Twice more he had to waste precious minutes avoiding guards by stepping off the gauntlet of twisted pathways and into the undergrowth. The cemetery was enormous, and Grey cursed his maimed left leg and the man who had damaged it. It had to be close to midnight. He felt as if Viktor’s life were an hourglass in Grey’s hands, each second whisking away the remaining grains of sand.

He kept going until he saw a strange sight: an arched entranceway set into a high stone wall, next to a pair of obelisks disappearing into the gloom above. Ornate pillars flanked both sides of the entrance, and the iron gate had been left ajar. Grey couldn’t see what lay on the other side of the archway, but he could hear the faint murmur of voices coming from the other end of what Grey assumed was a tunnel.

He moved forward. Just before the archway he caught a glimpse of movement out of the corner of his eye, from the top of the wall. Grey spun to the right, but a tornado of pain erupted along his left arm, and he saw the hilt of a knife sticking out of his arm below the shoulder. If he had not moved at the last second, it would have struck his heart.

Grey dove into the undergrowth, yanking out the knife as he rolled. It wasn’t lodged into bone, but it had torn into the muscle, and deep shudders of agony rolled through him.

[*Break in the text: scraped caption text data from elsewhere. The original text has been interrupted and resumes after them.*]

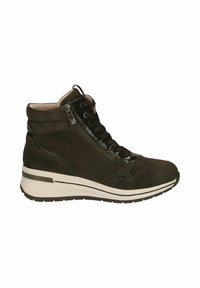 Caprice Gležnjače s punom petom - khaki comb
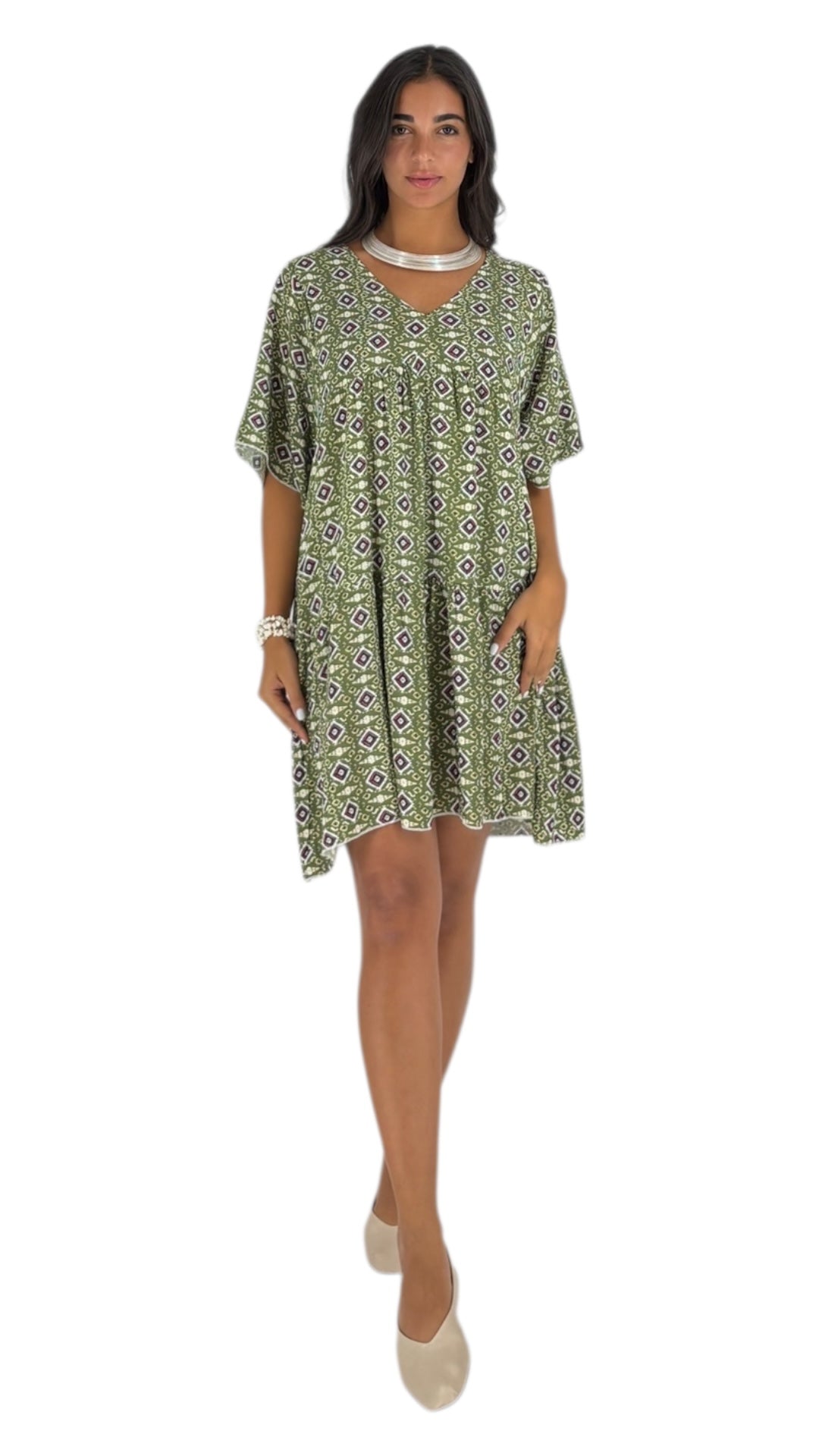 Owen Kaki Dress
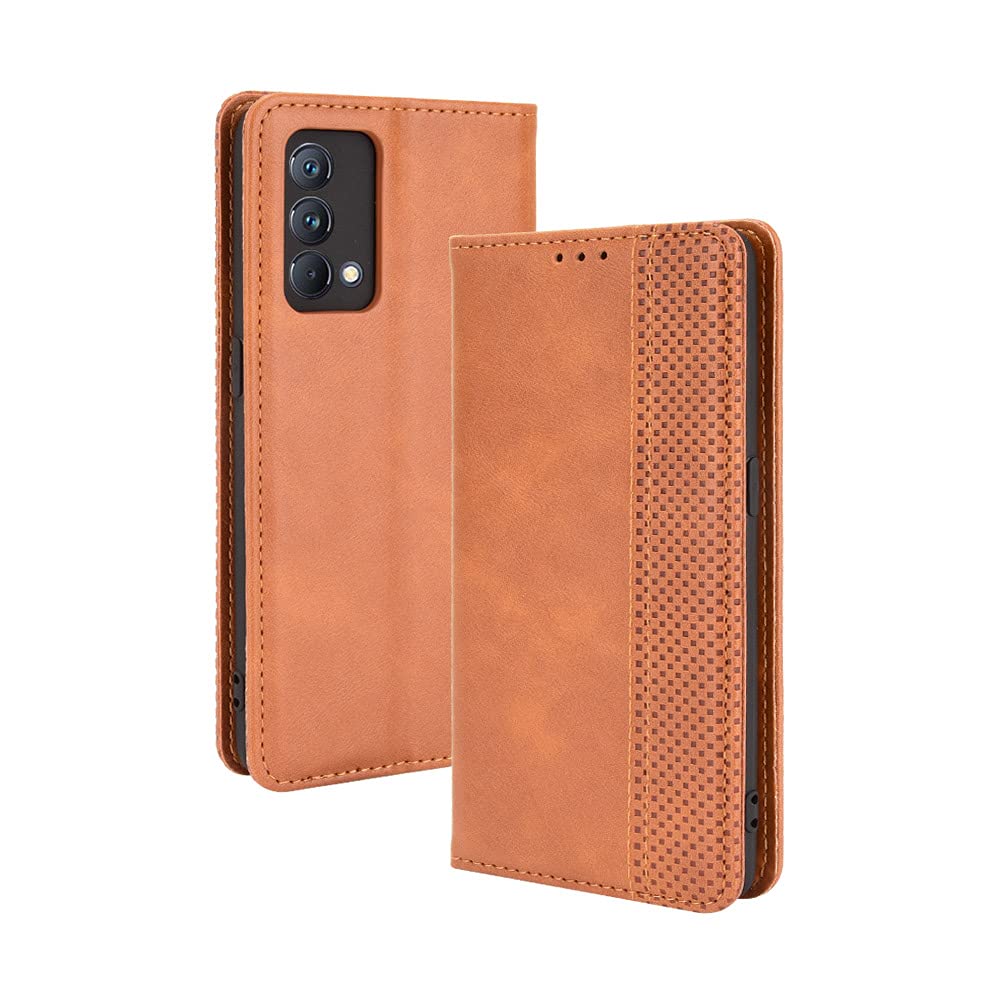 WEIOU Leather Folio Cover per realme GT Master Edition, Custodia in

He could hear his assailant jumping off the wall, and Grey willed his mind clear, knowing if he let the pain affect him he wouldn’t live through the next minute. He might not anyway, since he had dropped the gun when the knife struck him.

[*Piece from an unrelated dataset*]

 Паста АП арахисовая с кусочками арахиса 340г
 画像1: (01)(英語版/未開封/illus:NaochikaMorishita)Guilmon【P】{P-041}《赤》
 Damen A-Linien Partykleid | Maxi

He scrambled to his feet and saw Dante stalking him from ten feet away, searching for an opening to throw another knife he was balancing in his hand.
Grey moved like a mix between a boxer and a cat, stalking forward to close the distance, bobbing and weaving to give Dante a moving target. Both knew that if Dante threw the knife and missed, or struck a glancing blow, then Grey would have a temporary advantage. As Grey drew closer Dante shifted his body from a throwing posture to an infighting stance and withdrew another knife. He held both knives in front of his body, weaving them through empty air as Grey closed the final few feet.